AMN Services, LLC is a healthcare services and staffing company that recruits nurses for temporary contract assignments.
Kennedy Donohue worked as a nurse recruiter at AMN’s San Diego offices. In that role, Donohue did not have predetermined shifts but was expected to work eight hours per day.
Under California law, employers must generally provide employees with one 30-minute meal period that begins no later than the end of the fifth hour of work and another 30-minute meal period that begins no later than the end of the tenth hour of work. If an employer does not provide an employee with a compliant meal period, then “the employer shall pay the employee one additional hour of pay at the employee’s regular rate of compensation for each workday that the meal . . . period is not provided.”
Per AMN’s company policy, nurse recruiters were provided with 30 minute meal periods beginning no later than the end of the fifth hour of work.
AMN used an electronic timekeeping system called TeamTime to track its employees’ compensable time. Employees used their work desktop computers to punch in and out of Team Time, including at the beginning of the day, at the beginning of lunch, at the end of lunch, and at the end of the day.

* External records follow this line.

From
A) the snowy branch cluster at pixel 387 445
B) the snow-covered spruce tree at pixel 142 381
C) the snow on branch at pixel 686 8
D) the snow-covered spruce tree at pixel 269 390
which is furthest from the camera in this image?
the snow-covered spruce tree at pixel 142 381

Team Time rounded the time punches to the nearest 10-minute increment. For example, if an employee clocked out for lunch at 11:02 a.m. and clocked in after lunch at 11:25 a.m., Team Time would have recorded the time punches as 11:00 a.m. and 11:30 a.m. Although the actual meal period was 23 minutes, Team Time would have recorded the meal period as 30 minutes.

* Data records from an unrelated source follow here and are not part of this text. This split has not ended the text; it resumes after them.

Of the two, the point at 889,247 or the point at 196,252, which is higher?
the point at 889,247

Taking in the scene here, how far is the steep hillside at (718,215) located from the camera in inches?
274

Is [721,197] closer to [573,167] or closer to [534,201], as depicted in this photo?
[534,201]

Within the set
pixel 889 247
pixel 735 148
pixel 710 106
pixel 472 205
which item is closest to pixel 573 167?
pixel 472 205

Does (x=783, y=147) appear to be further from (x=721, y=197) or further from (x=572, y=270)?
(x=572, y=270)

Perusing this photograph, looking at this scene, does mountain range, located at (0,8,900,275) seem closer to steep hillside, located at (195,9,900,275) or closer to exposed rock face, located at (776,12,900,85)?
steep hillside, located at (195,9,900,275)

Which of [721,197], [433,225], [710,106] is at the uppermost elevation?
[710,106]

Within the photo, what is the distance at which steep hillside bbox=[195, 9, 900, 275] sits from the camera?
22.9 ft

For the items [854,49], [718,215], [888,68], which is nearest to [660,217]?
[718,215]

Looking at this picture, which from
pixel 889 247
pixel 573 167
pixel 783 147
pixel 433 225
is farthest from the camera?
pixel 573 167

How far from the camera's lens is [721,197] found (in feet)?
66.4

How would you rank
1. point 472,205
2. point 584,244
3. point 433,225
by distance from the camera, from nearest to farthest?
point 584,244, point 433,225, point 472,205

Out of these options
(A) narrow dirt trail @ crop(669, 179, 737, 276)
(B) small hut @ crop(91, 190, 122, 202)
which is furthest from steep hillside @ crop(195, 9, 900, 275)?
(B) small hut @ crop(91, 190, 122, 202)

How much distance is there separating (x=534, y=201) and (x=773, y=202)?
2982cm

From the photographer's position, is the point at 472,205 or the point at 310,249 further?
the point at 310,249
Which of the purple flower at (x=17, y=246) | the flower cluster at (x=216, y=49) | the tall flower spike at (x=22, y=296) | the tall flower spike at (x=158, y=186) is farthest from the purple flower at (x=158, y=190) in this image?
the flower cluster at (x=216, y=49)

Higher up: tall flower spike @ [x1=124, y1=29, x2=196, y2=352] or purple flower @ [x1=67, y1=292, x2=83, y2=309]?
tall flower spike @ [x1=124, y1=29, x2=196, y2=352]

AMN relied on the rounded time punches generated by Team Time to determine whether a meal period was short or delayed.
In April 2014, Donohue filed a class action lawsuit against AMN. Donohue alleged various wage and hour violations, including the meal period claim at issue here.

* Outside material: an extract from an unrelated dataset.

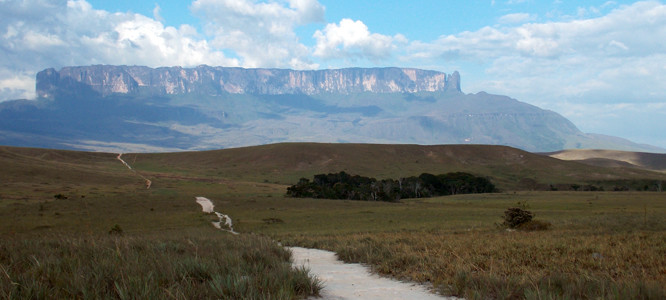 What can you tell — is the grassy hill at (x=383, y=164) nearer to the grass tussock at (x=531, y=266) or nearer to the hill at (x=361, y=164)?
the hill at (x=361, y=164)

The trial court granted AMN’s motion for summary judgment, and the Court of Appeal affirmed the dismissal, reasoning that AMN’s rounding policy fairly compensated employees over time, and there was insufficient evidence that supervisors at AMN prevented employees from taking compliant meal periods. .
The California Supreme Court reversed in the case of Donohue v AMN Services, LLC.
The Supreme Court concluded that “employers cannot engage in the practice of rounding time punches – that is, adjusting the hours that an employee has actually worked to the nearest preset time increment – in the meal period context. The meal period provisions are designed to prevent even minor infringements on meal period requirements, and rounding is incompatible with that objective.”
It also held that “that time records showing noncompliant meal periods raise a rebuttable presumption of meal period violations, including at the summary judgment stage.”